== Segment start ==

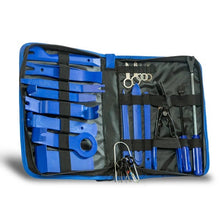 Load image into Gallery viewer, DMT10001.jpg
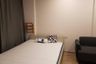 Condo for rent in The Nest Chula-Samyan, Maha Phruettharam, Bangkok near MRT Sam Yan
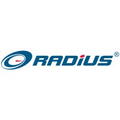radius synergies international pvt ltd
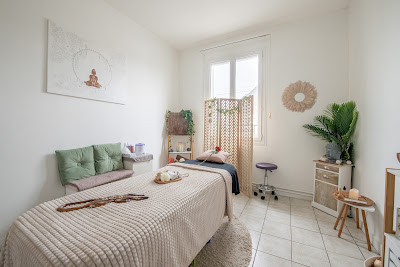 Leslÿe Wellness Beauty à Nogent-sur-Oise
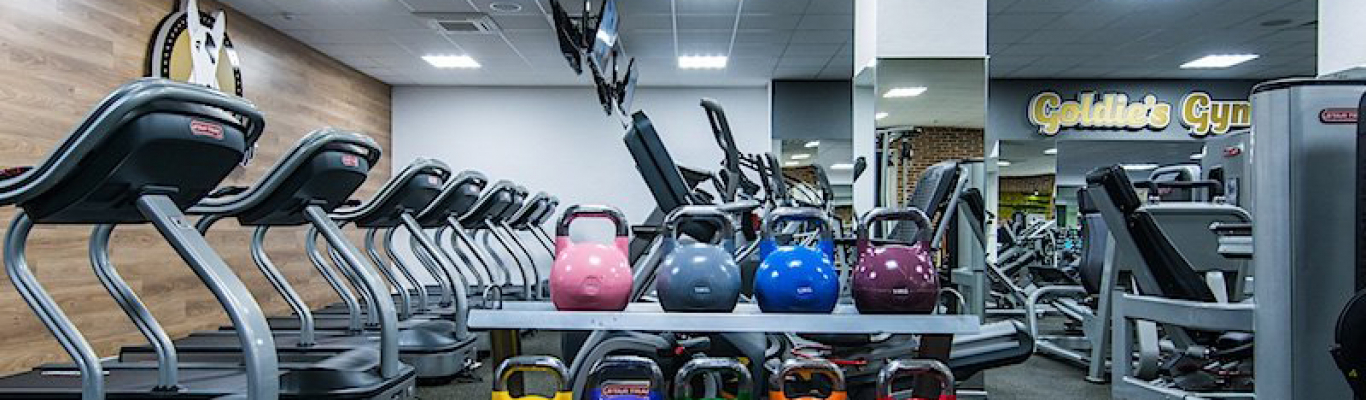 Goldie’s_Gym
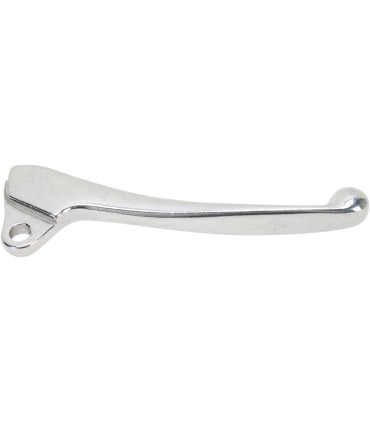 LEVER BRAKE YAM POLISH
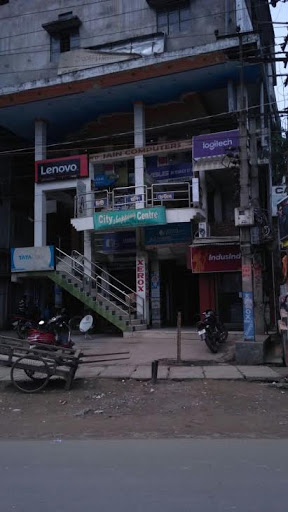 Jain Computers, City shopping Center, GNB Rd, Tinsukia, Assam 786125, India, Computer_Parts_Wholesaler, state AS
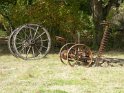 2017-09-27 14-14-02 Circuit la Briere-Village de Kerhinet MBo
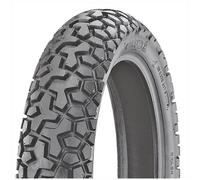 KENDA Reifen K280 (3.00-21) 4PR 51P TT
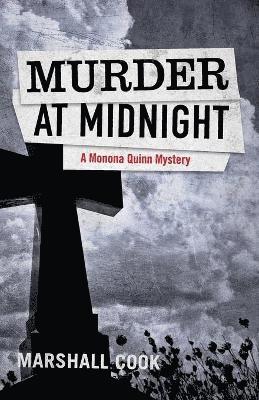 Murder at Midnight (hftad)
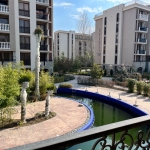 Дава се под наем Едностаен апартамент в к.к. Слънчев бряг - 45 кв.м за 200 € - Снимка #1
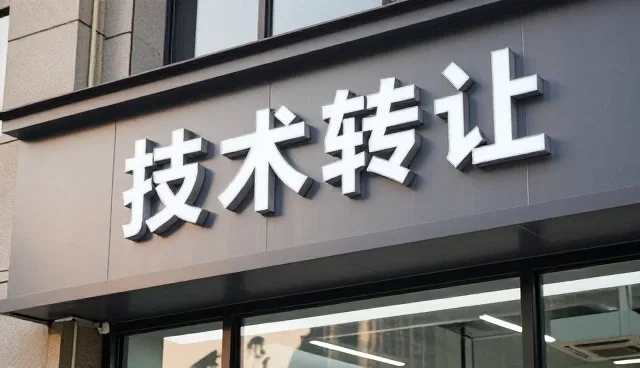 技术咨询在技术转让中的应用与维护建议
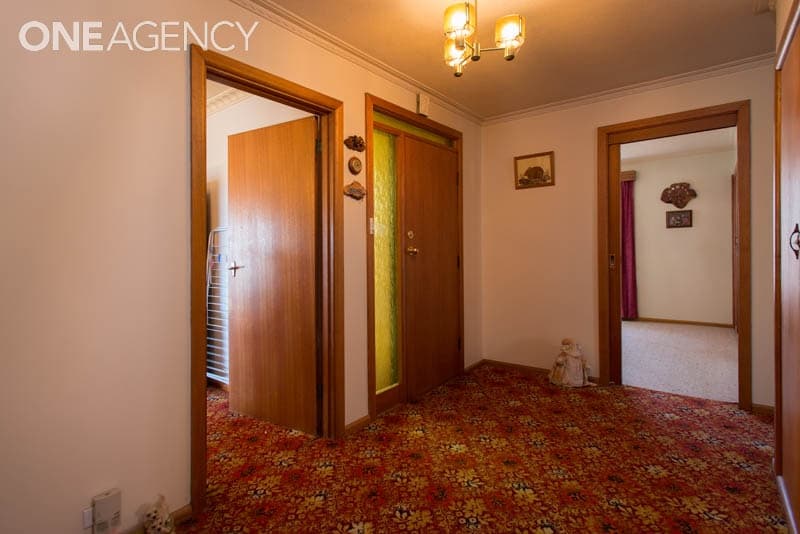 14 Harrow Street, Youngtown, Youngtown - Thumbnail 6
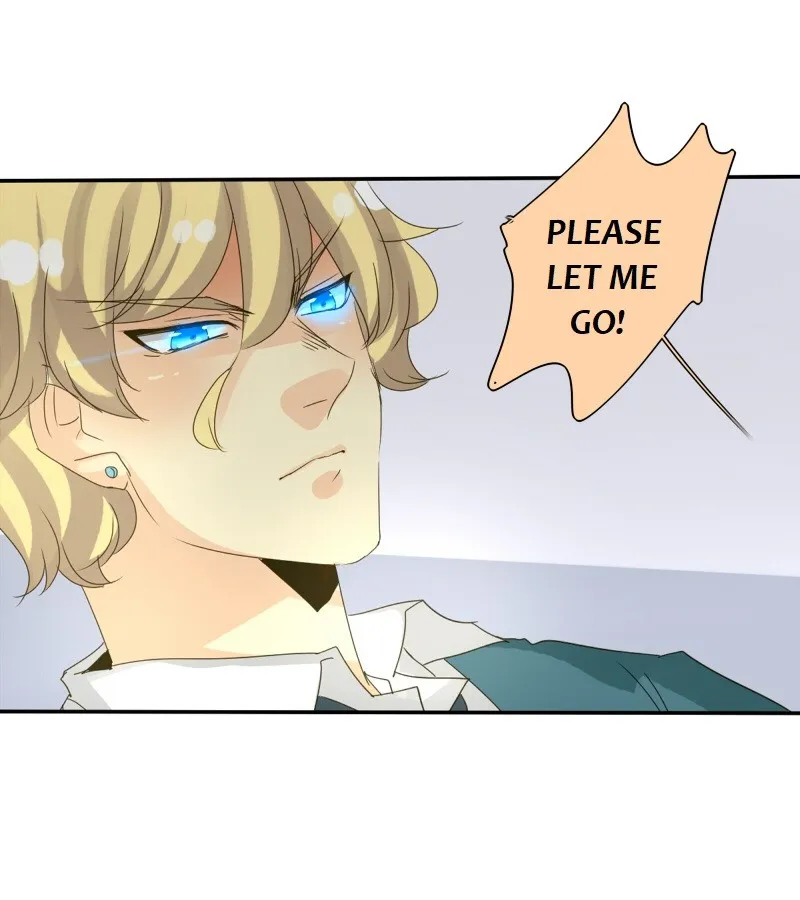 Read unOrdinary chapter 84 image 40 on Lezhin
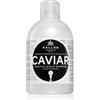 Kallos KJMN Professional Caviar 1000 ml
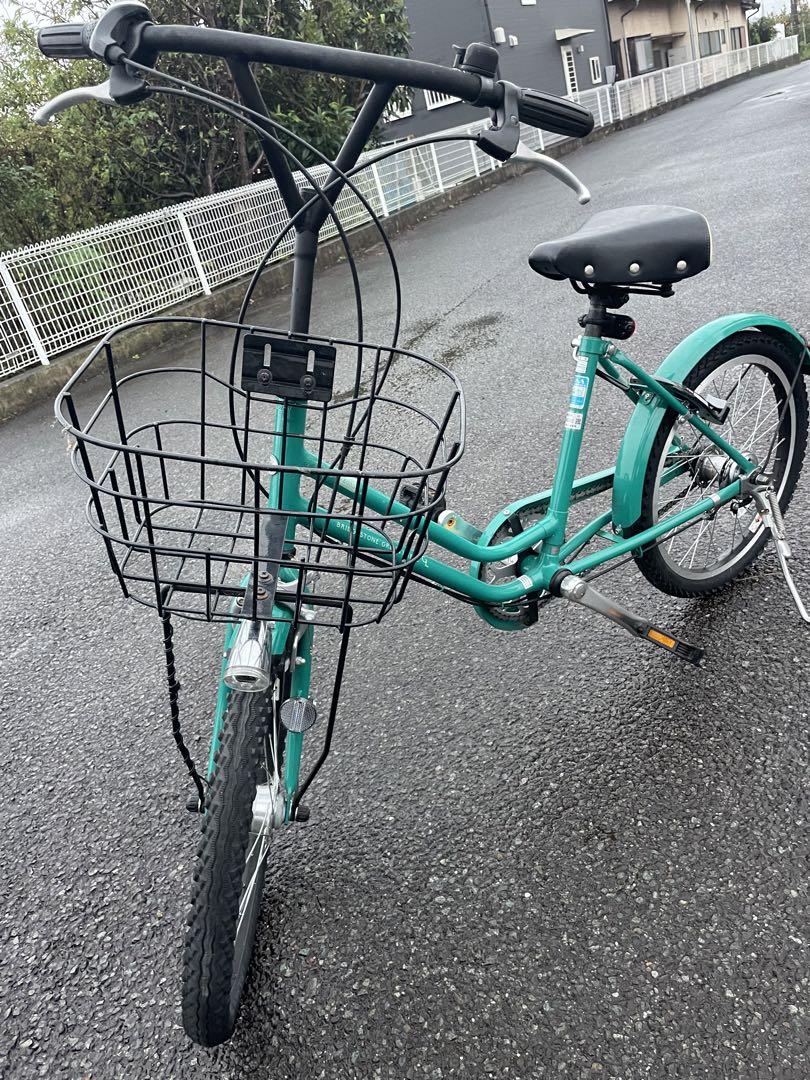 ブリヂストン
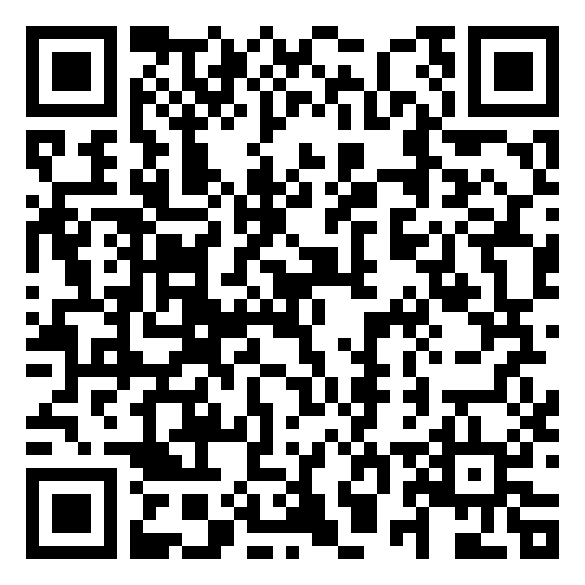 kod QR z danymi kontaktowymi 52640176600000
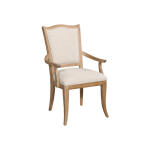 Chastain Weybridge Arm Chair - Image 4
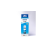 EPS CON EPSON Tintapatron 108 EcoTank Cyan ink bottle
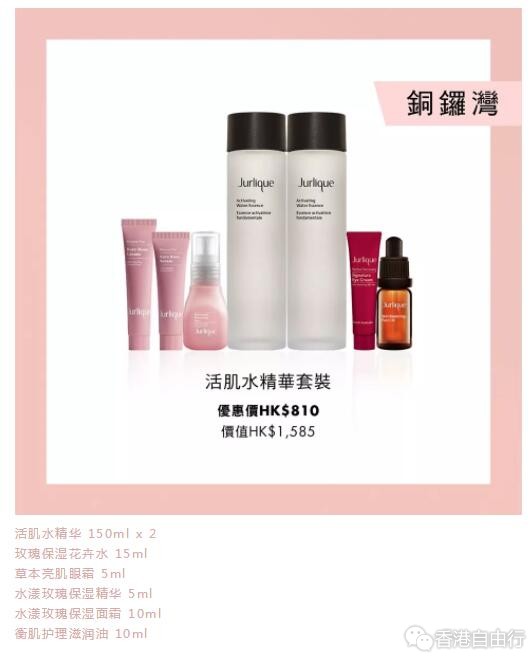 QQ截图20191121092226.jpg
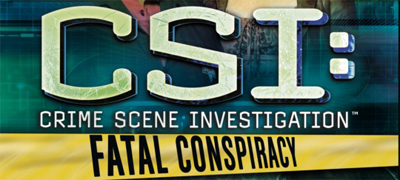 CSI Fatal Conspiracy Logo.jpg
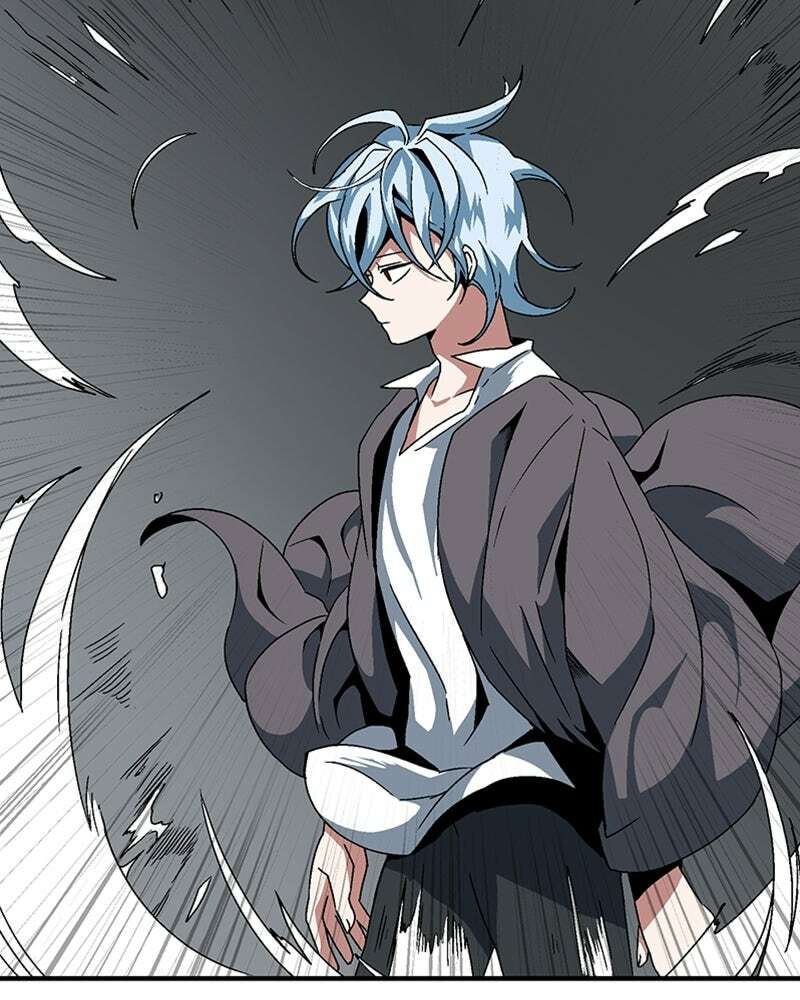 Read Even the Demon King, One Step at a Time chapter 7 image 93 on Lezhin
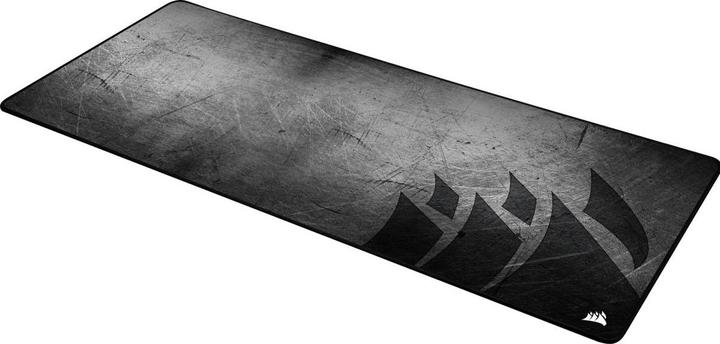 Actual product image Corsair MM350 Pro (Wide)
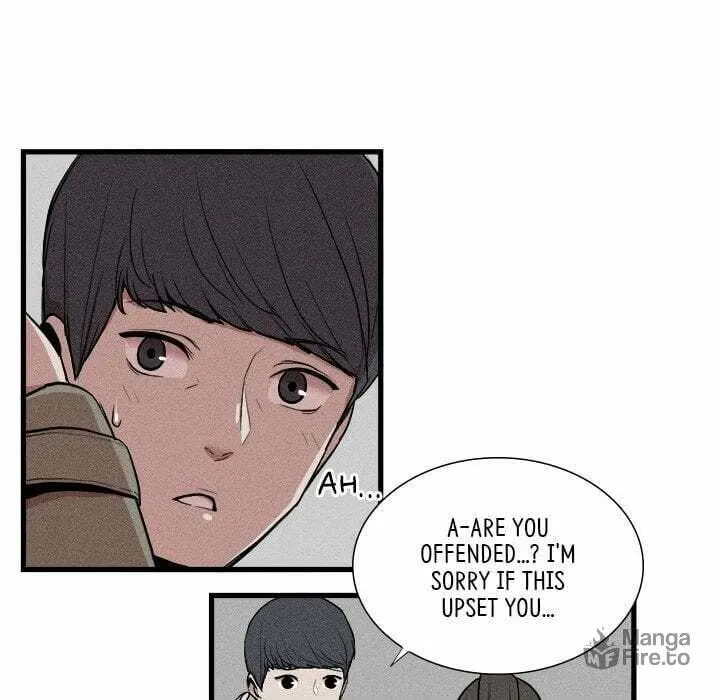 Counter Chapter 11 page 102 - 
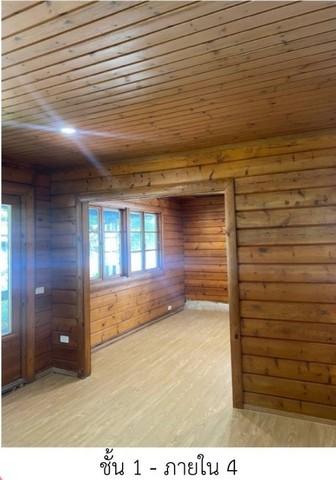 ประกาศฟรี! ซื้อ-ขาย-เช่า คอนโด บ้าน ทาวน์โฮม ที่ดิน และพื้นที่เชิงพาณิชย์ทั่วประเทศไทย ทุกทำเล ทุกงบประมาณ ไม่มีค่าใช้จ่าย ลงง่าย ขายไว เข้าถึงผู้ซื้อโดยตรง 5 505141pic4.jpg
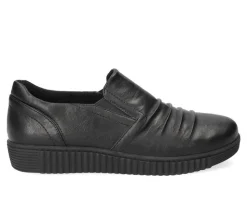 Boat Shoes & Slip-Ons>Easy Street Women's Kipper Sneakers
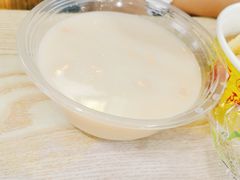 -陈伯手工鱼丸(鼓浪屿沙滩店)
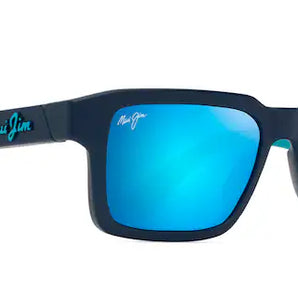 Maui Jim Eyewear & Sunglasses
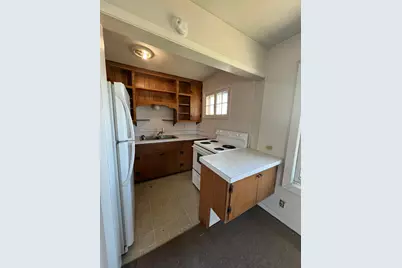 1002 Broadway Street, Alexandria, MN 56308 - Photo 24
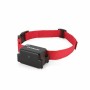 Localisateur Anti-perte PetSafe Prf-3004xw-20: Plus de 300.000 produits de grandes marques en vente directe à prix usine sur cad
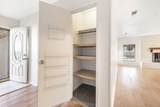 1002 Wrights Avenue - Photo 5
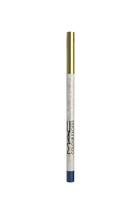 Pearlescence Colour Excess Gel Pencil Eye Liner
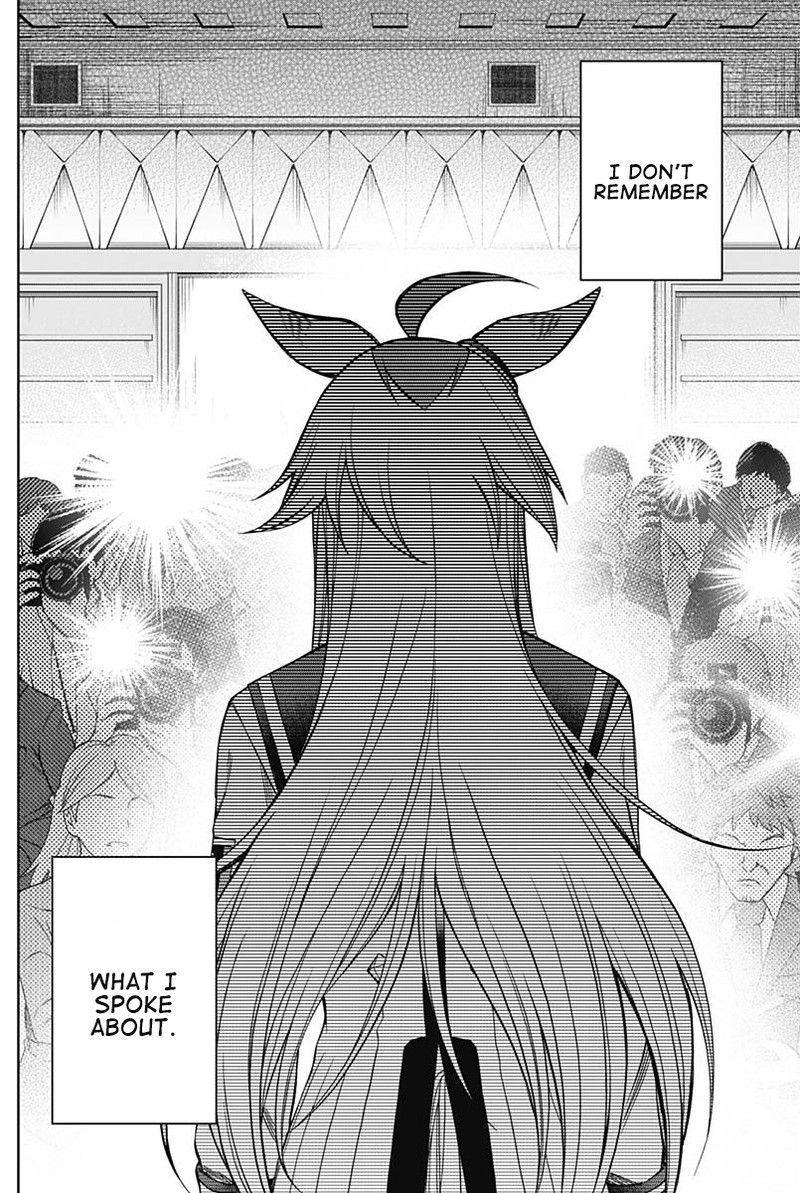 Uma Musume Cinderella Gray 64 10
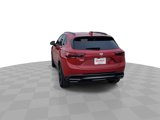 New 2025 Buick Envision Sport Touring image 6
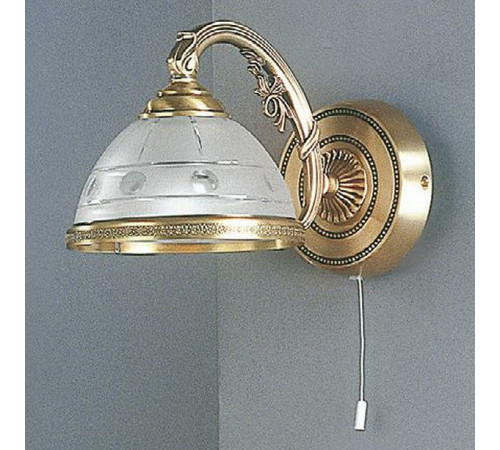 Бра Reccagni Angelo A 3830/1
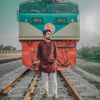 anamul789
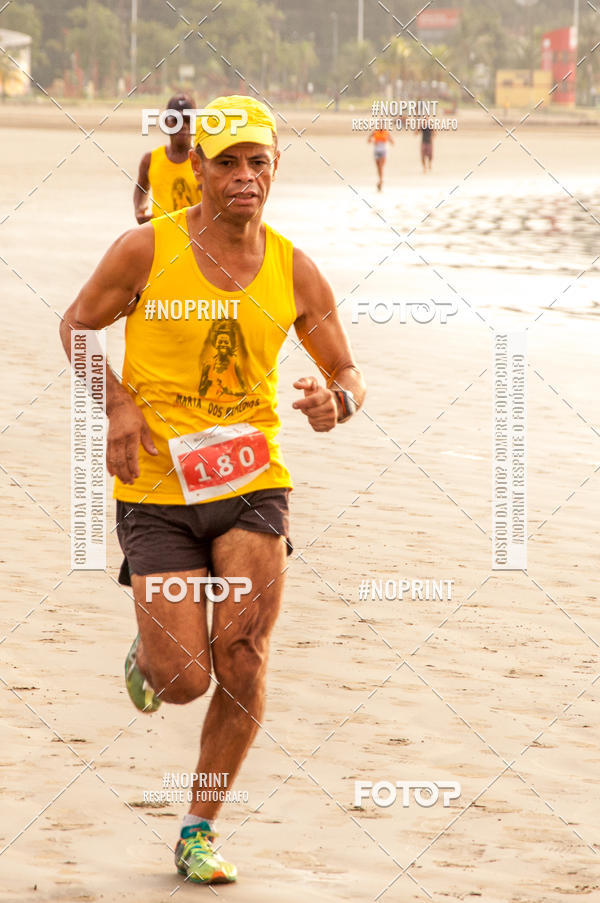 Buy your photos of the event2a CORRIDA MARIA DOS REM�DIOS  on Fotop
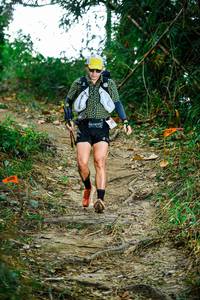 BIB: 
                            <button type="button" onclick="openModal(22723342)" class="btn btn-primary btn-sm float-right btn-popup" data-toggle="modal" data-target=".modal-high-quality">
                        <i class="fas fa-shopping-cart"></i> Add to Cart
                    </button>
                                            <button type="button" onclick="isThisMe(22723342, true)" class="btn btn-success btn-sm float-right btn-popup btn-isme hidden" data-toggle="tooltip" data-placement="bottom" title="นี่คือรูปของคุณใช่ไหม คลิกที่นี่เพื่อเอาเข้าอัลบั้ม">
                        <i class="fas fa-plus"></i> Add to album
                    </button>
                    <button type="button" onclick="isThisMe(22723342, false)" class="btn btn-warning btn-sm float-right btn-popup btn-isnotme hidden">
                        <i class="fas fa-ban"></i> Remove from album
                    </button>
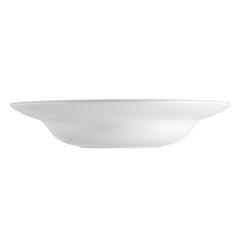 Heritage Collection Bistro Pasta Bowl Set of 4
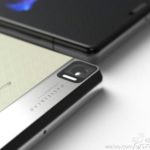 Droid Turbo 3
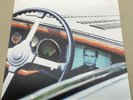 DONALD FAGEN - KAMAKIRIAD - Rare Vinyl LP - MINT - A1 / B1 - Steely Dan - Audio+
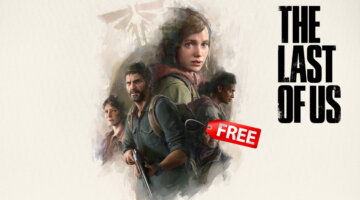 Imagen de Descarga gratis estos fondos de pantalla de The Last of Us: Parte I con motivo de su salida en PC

== Segment end ==

▸ **Task statement**: Say again, exactly, only those lines of the records that run from the start through the line with "Murder at Midnight (hftad)". Pictures are to be skipped.

▸ **Expected answer**:
 Load image into Gallery viewer, DMT10001.jpg
 Condo for rent in The Nest Chula-Samyan, Maha Phruettharam, Bangkok near MRT Sam Yan
radius synergies international pvt ltd
 Leslÿe Wellness Beauty à Nogent-sur-Oise
 Goldie’s_Gym
 LEVER BRAKE YAM POLISH
 Jain Computers, City shopping Center, GNB Rd, Tinsukia, Assam 786125, India, Computer_Parts_Wholesaler, state AS
 2017-09-27 14-14-02 Circuit la Briere-Village de Kerhinet MBo
 KENDA Reifen K280 (3.00-21) 4PR 51P TT
 Murder at Midnight (hftad)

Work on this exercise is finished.